=== TASK STATEMENT ===
In the entries below, find the line with "Piksters SupaGRIP Twin", then set it down exactly along with each line after it to the end, skipping any pictures.

=== THE DATA ===
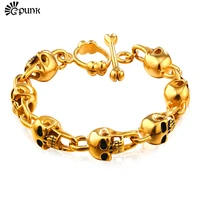 mens skeleton skull chain bracelet hiphop style yellow gold color top quality stainless steel 21cm 10mm punk bracelets h2111g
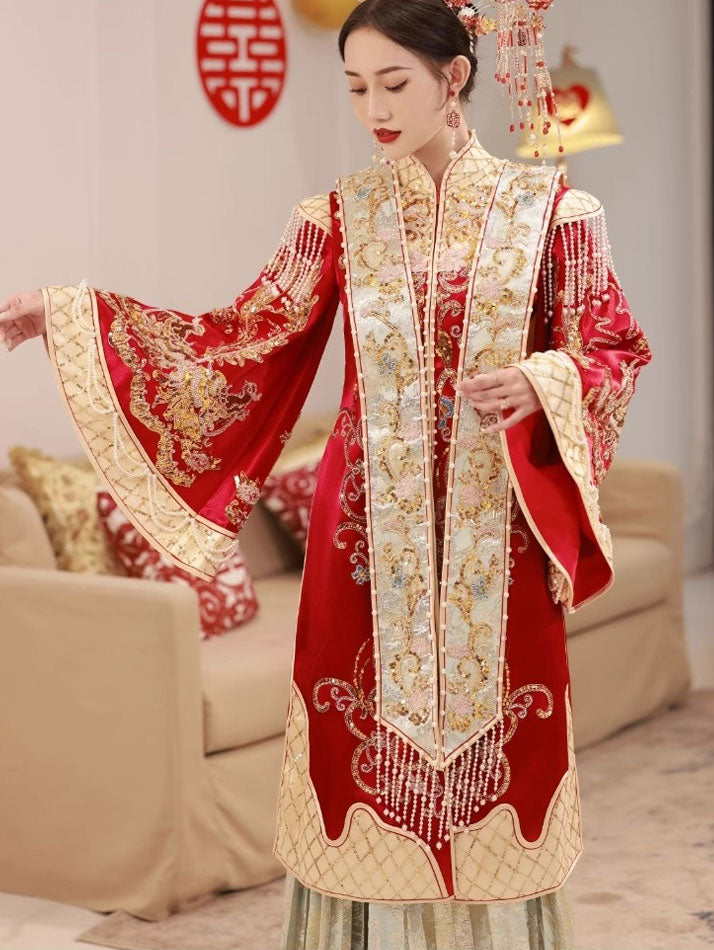 Beads Tassels Traditional Hanfu Bridal Wedding Qun Kwa Xiuhe
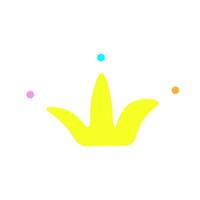 Vector colorful isolated illustration with cute icon of golden crown. Concept with flat hand drawn logo - symbol of royal family and authority of king and queen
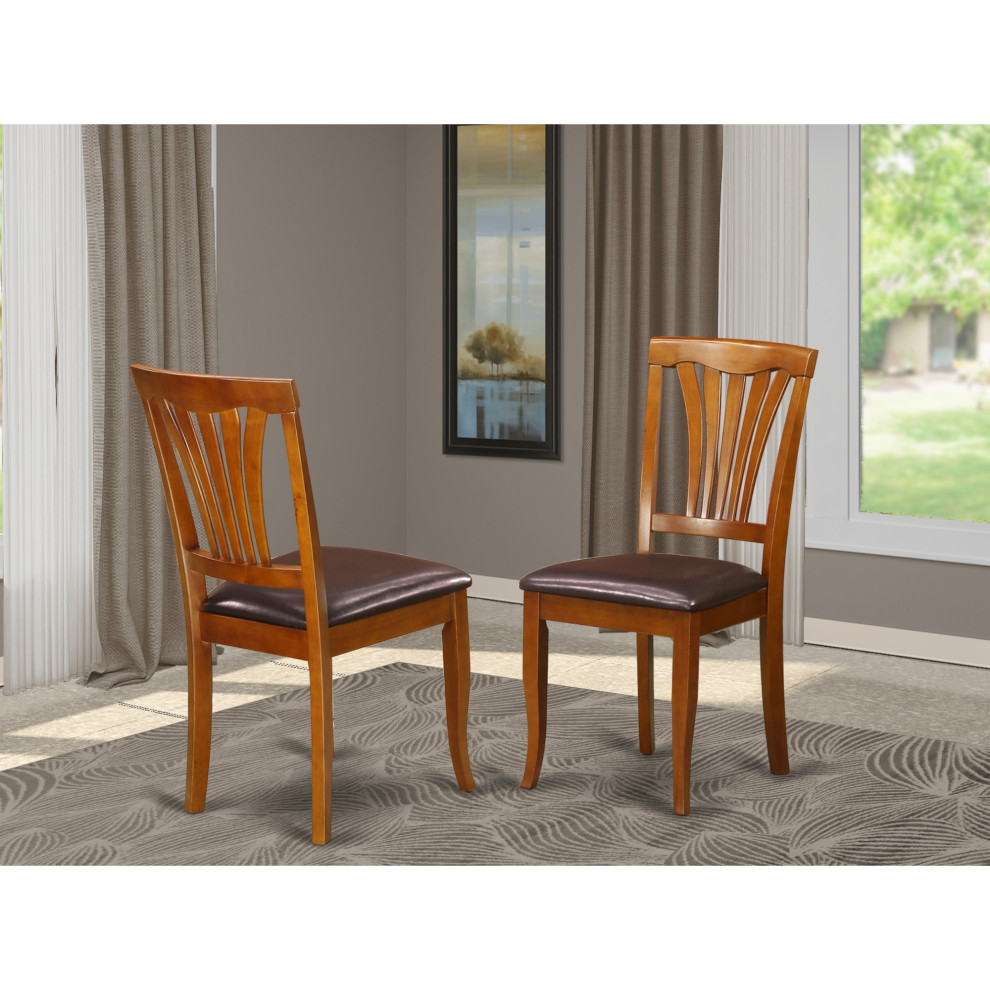 Set of 2 Chairs Avon Kitchen Dining Chair  Saddle Brow Finish   Transitional   Dining Chairs   by Kolibri Decor  Houzz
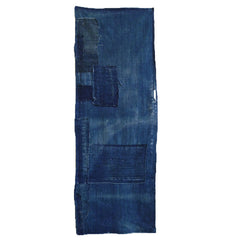 A Hand Spun Cotton Indigo Dyed Boro Fragment: Hemp Stitching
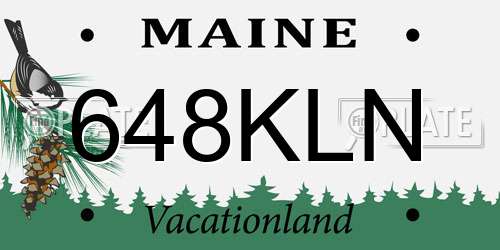 648KLN Maine License Plate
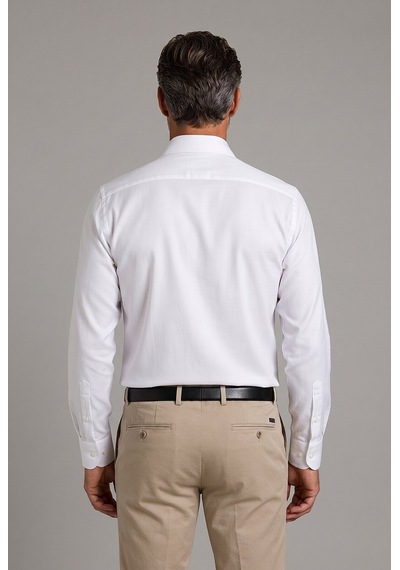 Bisse Beyaz Regular Fit Pamuk Cepsiz Uzun İtalyan Yaka Gömlek Gmkls252189 D01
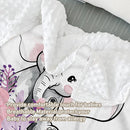 Custom Name Crib Bedding Set - Elephant Theme, Personalized Purple FlowerNursery Bedding 3-Piece Set– Soft Blanket, Fitted Sheet, Changing Pad Cover – for Newborns Girls Nursery Gifts by TinyTreasures Baby Boutique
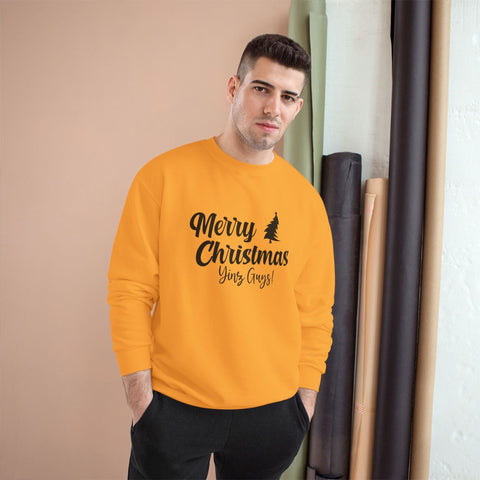 Champion Christmas Sweatshirt - Merry Christmas Yinz! Eco Crewneck Pullover Sweatshirt - YinzerShop
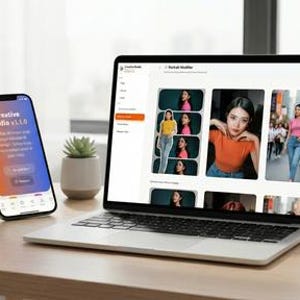 May include: A laptop and smartphone sit on a wooden desk. The laptop displays a photo editing interface with multiple images of a woman. The smartphone shows the "Creative Studio v1.1.0" app interface. A small succulent plant in a white pot is also on the desk.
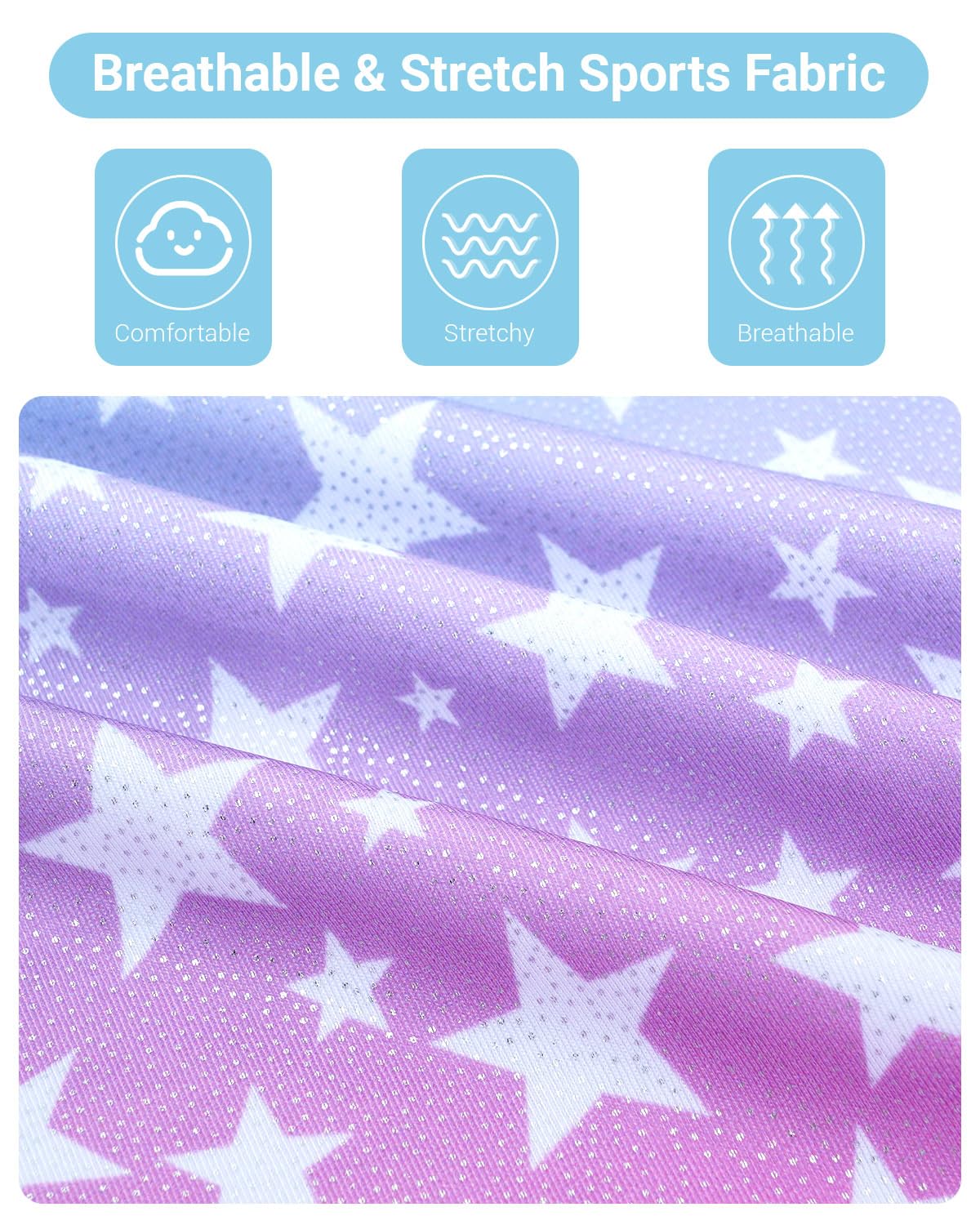 JiAmy Girls Gymnastics Leotards, Glitter Ballet Dance Unitards Biketards Activewear with Short & Hairband for Kids 5-7 Years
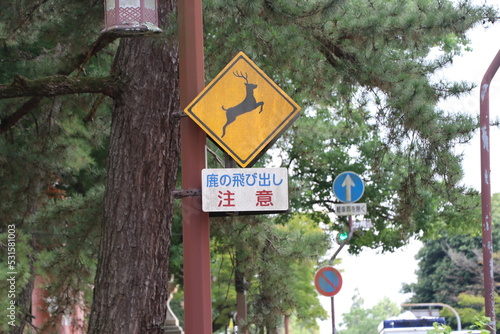 鹿　飛び出し注意　標識　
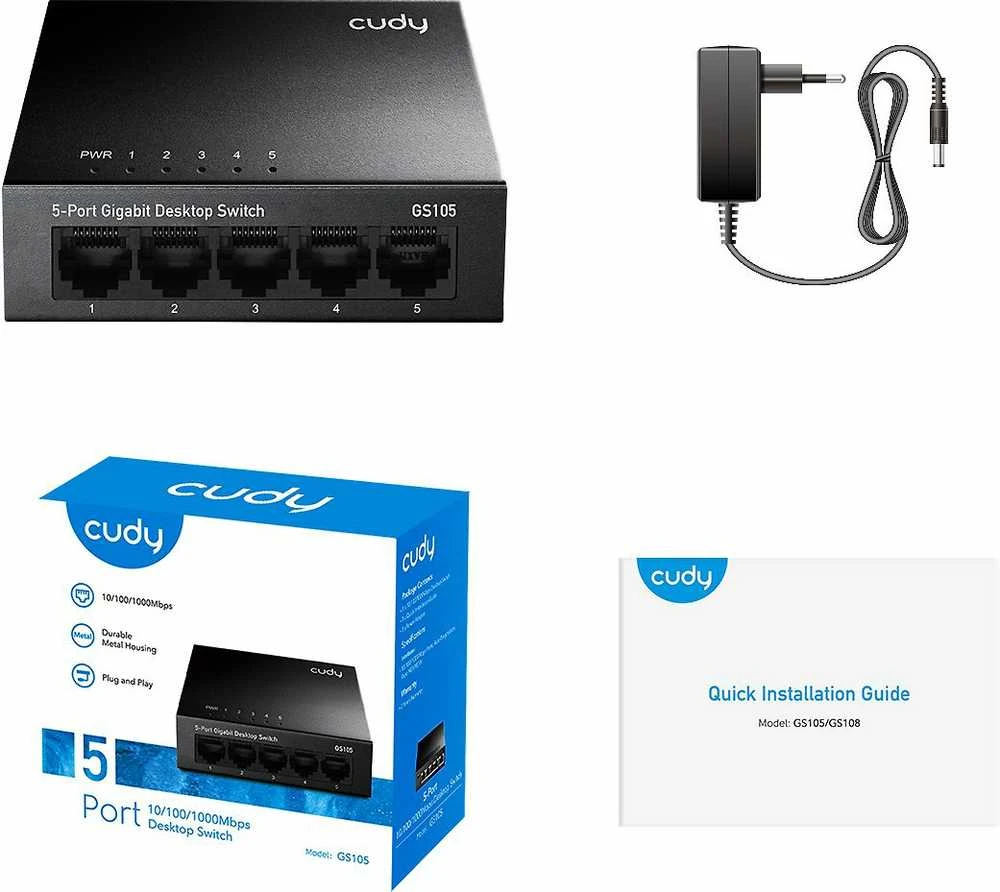 Šakotuvas Tinklo Įranga - Cudy GS105 10Gbps Jungiklis 5 Prievadai Metalinis Dizainas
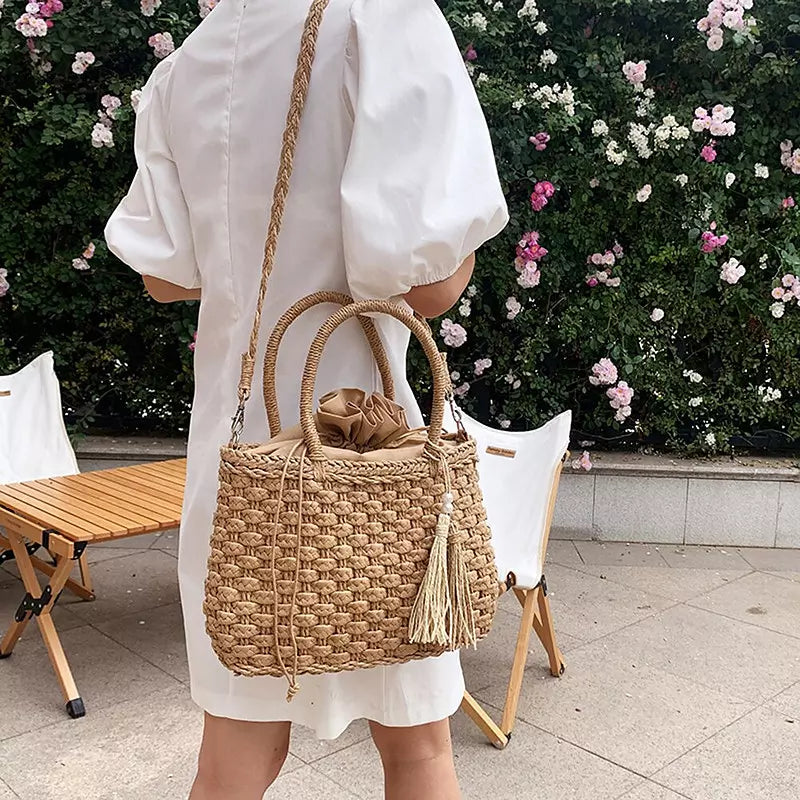 Tkaná kožená letní taška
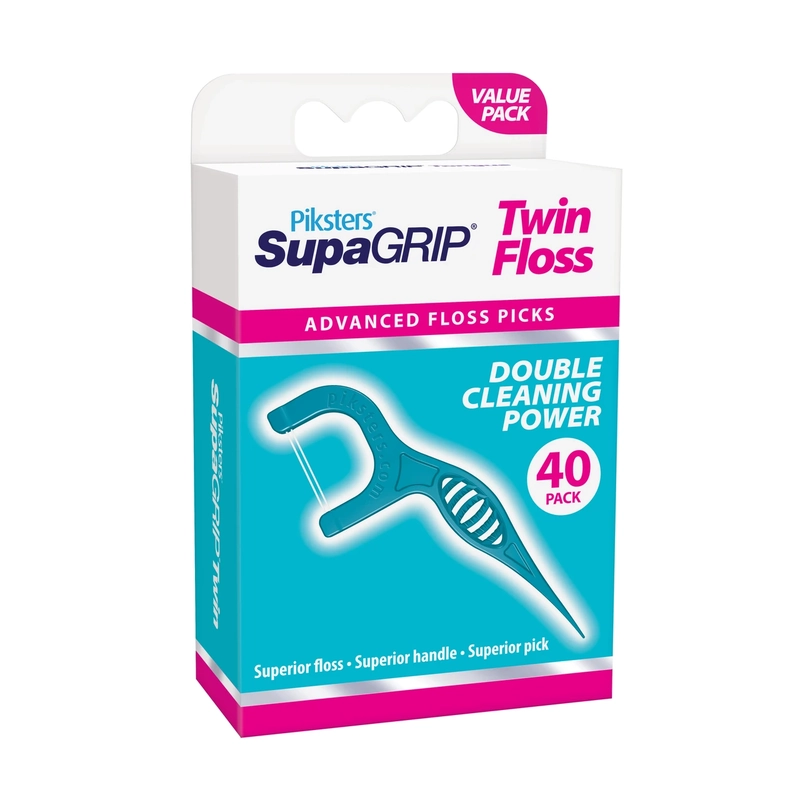 Piksters SupaGRIP Twin Floss Advanced Floss Picks 40 Pack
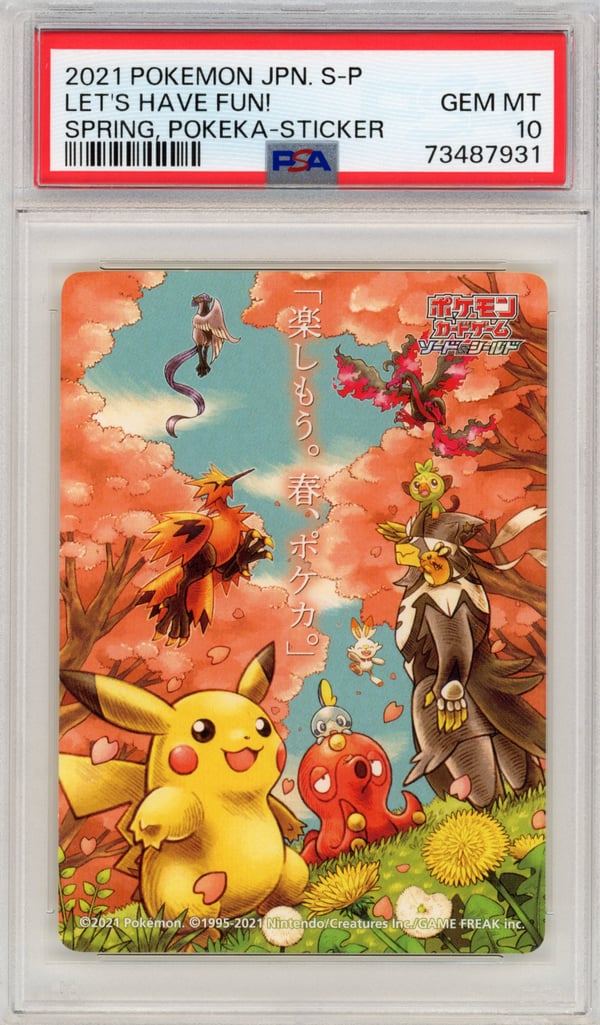LET'S HAVE FUN! - SPRING, POKEKA-STICKER · PSA GEM MT 10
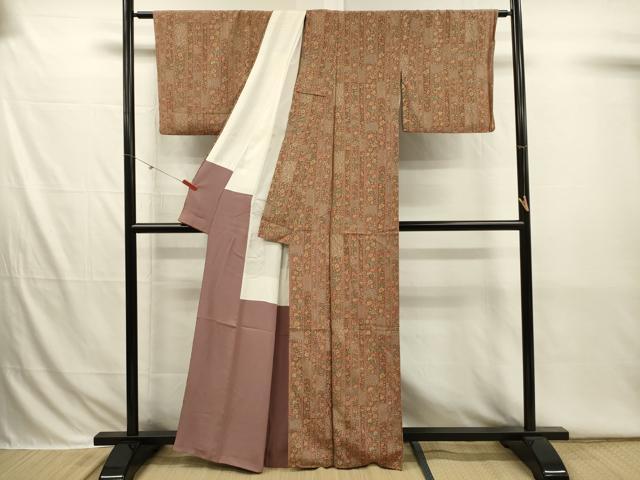 平和屋着物■上質な小紋　草花間道　正絹　逸品　DABI3789ya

=== EXERCISE ANSWER ===
 Piksters SupaGRIP Twin Floss Advanced Floss Picks 40 Pack
LET'S HAVE FUN! - SPRING, POKEKA-STICKER · PSA GEM MT 10
 平和屋着物■上質な小紋　草花間道　正絹　逸品　DABI3789ya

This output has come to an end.